Answered Extended Ascii problem

  • Thursday, May 17, 2012 3:22 PM
     
     

    I have two packages in 2005. The first reads data from the database and writes it to a flat file. The second reads the same flat file. When the file is written, extended ascii characters like ñ look fine when I open the file in notepad. When the second package reads the file the ñ looks like this, ñ  , when viewed in the dataviewer and in UltraEdit. This throws off the columns by one character and the subsequent fields end up one character off. I can tell because the package dies on converting a date field from the line containing the ñ. I can see in the dataviewer that what should be something like "01012005" ends up " 0101200".  

    What gives?  The database fields are all DT_STR, the database is codepage 1252, everything in the packages is codepage 1252. Nothing is unicode and unicode is currently not an option.  I've tried setting AlwaysUseDefaultCodePage to true and false, data conversions to unicode and OEM code pages, setting the flatfile to be codepage 437,  and about 5 other things all with no success.  

All Replies

  • Thursday, May 17, 2012 3:28 PM
     
     
    When you open the file in ultraedit, what is it reporting for the codepage/encoding of the file?  If ultraedit can not tell you then download Editpad Lite, which has that capability.

    Chuck

  • Thursday, May 17, 2012 3:31 PM
    Moderator
     
     
    Why not to strip out the offending chars if they are not part of the load?

    Arthur My Blog

  • Thursday, May 17, 2012 3:40 PM
     
     
    EditPad lite says it's 1252. It also shows the ñ as ñ

    Glenn Plott

  • Thursday, May 17, 2012 3:42 PM
     
     
    The ñ is part of peoples names.

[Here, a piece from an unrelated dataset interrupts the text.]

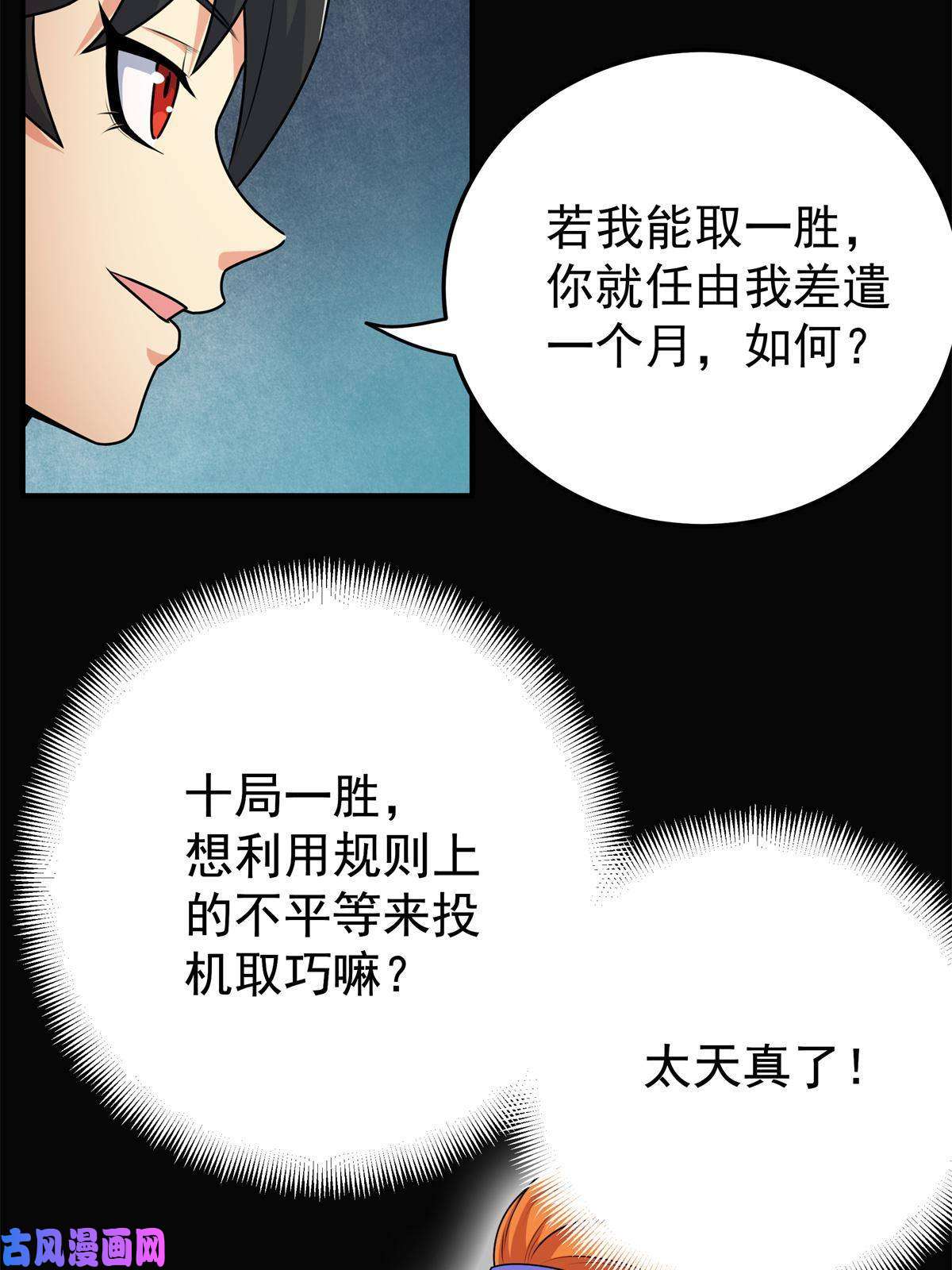 帝霸08 陪我练练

I can't strip them out or convert them, ñ -> n

    Glenn Plott

  • Thursday, May 17, 2012 3:47 PM
    Moderator
     
     

    Hmm... you say nothing is Unicode, I simply cannot imagine how the names lurked in with the extended ASCII chars in their names?


    Arthur My Blog

  • Thursday, May 17, 2012 5:52 PM
     
     

    Hi,

    Latin American Spanish text usually comes as codepage 850, not 1252.

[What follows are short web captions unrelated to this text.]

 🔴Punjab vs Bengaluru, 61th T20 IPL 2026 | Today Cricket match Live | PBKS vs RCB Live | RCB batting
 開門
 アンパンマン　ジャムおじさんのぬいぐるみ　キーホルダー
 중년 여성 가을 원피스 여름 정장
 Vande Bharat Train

    Here are the settings I use to import Spanish 8-bit ASCII text files :

    1. SSIS origin source (flat file)

    Code Page 850, OEM Multilingual Latin 1

    Local : English US

    Unicode : No

    2. Destination source (SQL)

    Check that your destination fields are either NCHAR or NVARCHAR (that'd be the ideal choice)

    If your destination fields are CHAR or VARCHAR, then you'll have to change their collation to SQL_Latin1_General_CP_850_BIN (or the others

    related collations SQL_Latin1_General_CP_850_CI_AS, etc accent-sensitive, etc)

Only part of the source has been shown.